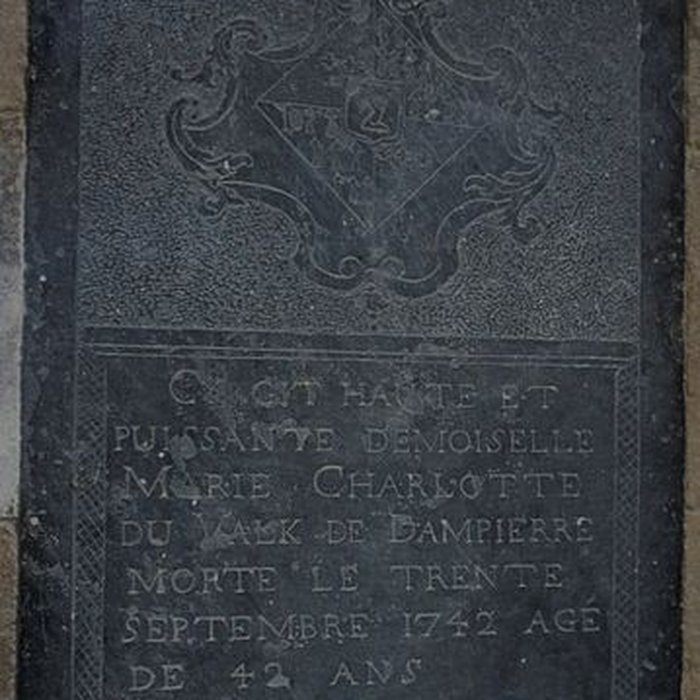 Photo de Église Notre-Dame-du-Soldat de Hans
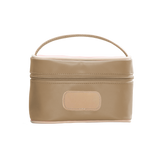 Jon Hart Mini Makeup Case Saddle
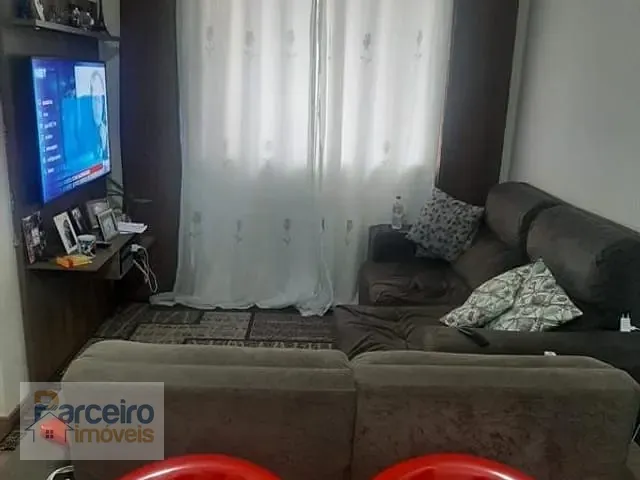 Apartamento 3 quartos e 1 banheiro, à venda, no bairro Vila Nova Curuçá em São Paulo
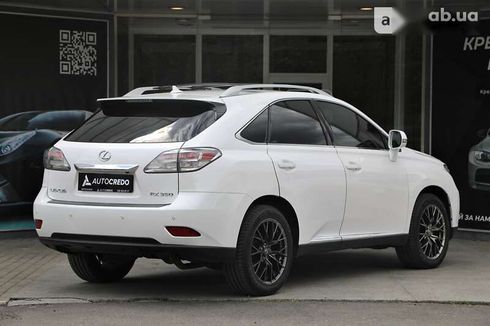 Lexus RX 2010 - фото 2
::::
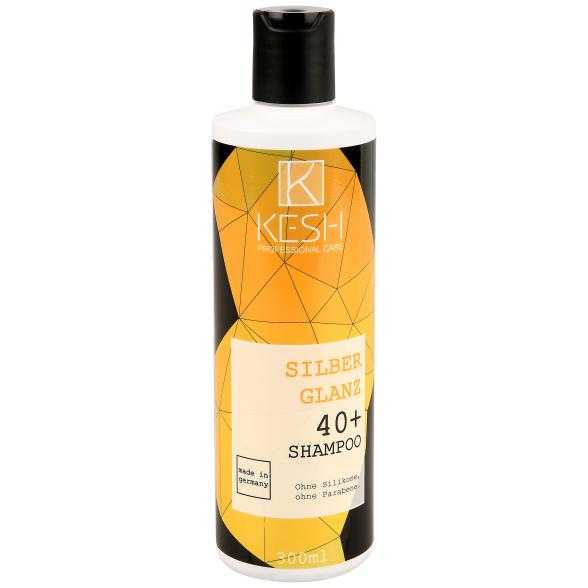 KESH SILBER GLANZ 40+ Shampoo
::::
- TASK REQUIREMENTS
Within the listing above, write out the stretch from the line with "Photo de Église Notre-Dame-du-Soldat de Hans" through the line with "Lexus RX 2010 - фото 2" exactly. Any pictures are to be left out.

- FINISHED EXERCISE
 Photo de Église Notre-Dame-du-Soldat de Hans
 Jon Hart Mini Makeup Case Saddle
 Apartamento 3 quartos e 1 banheiro, à venda, no bairro Vila Nova Curuçá em São Paulo
 Lexus RX 2010 - фото 2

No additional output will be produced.